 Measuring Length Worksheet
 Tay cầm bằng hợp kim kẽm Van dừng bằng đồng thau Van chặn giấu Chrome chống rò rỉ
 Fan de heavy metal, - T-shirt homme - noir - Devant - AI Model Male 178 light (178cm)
==
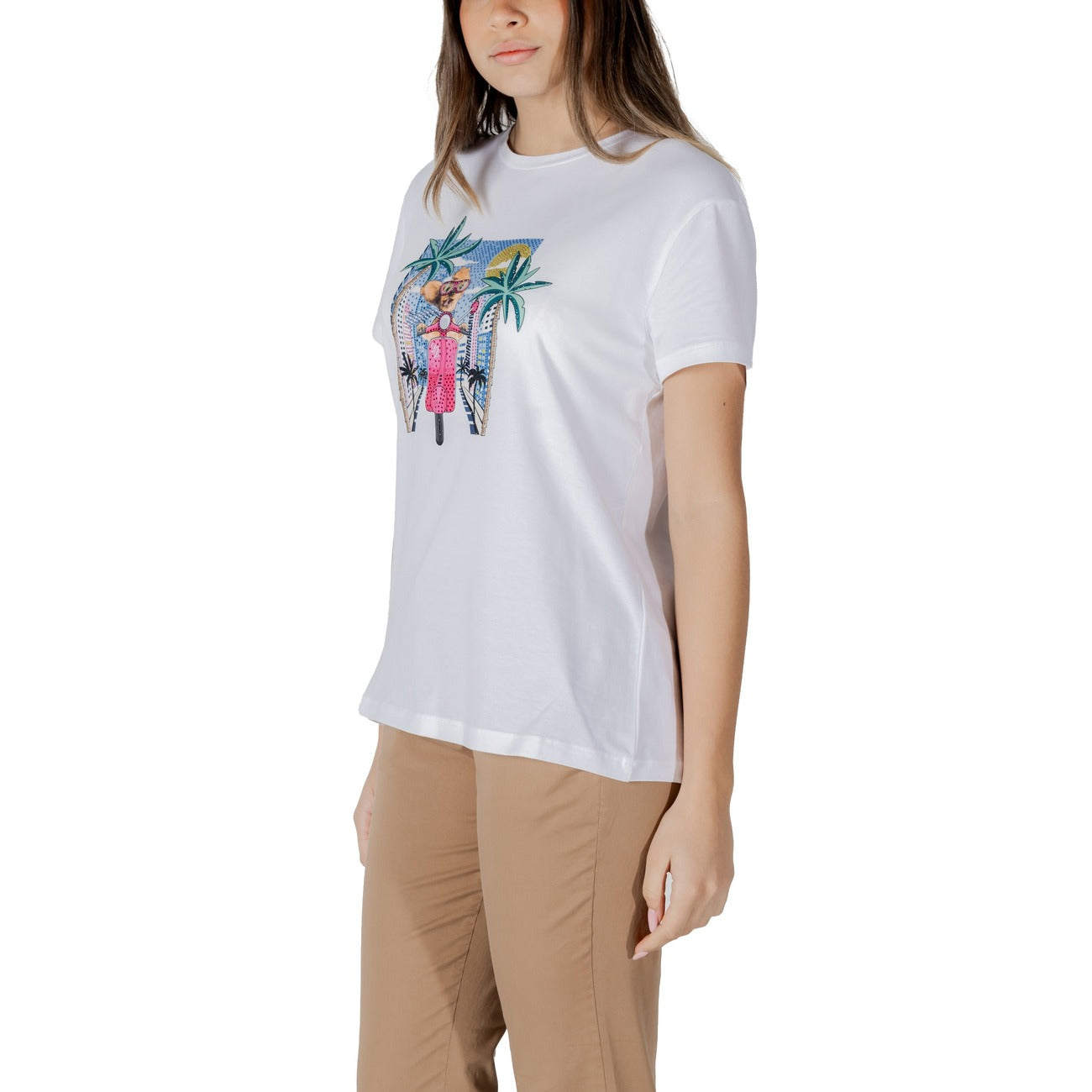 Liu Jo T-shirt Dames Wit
--
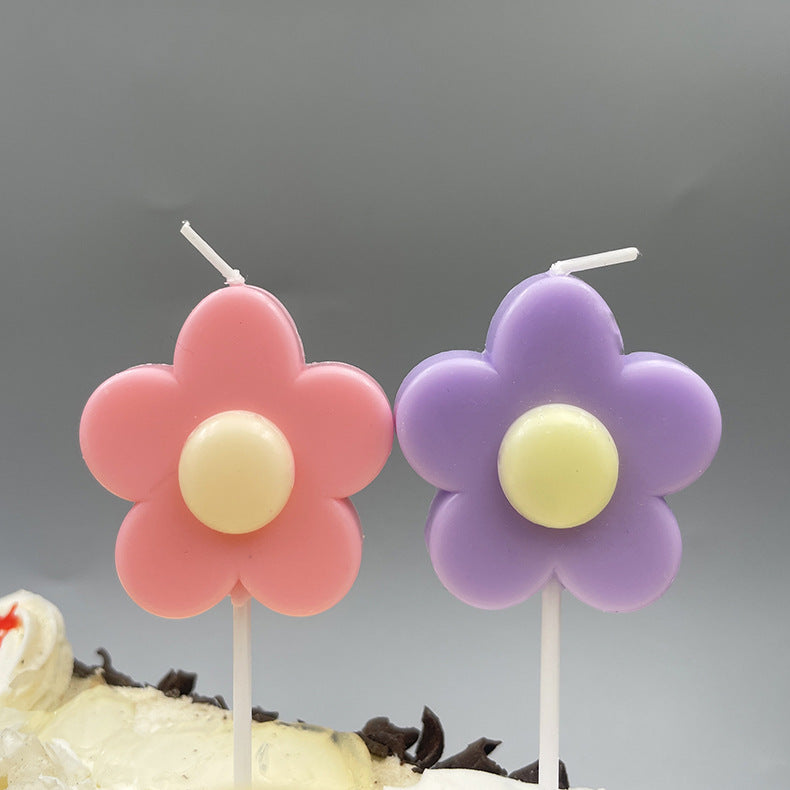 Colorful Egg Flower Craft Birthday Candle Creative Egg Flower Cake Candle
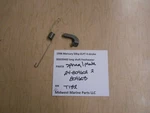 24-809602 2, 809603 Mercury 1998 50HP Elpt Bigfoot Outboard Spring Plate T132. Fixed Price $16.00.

*DESCRIPTION OF THE TASK*. For the lines above, output exactly those from the line containing "Measuring Length Worksheet" through the line containing "Fan de heavy", and skip the others.

*WRITTEN RESPONSE*.
 Measuring Length Worksheet
 Tay cầm bằng hợp kim kẽm Van dừng bằng đồng thau Van chặn giấu Chrome chống rò rỉ
 Fan de heavy metal, - T-shirt homme - noir - Devant - AI Model Male 178 light (178cm)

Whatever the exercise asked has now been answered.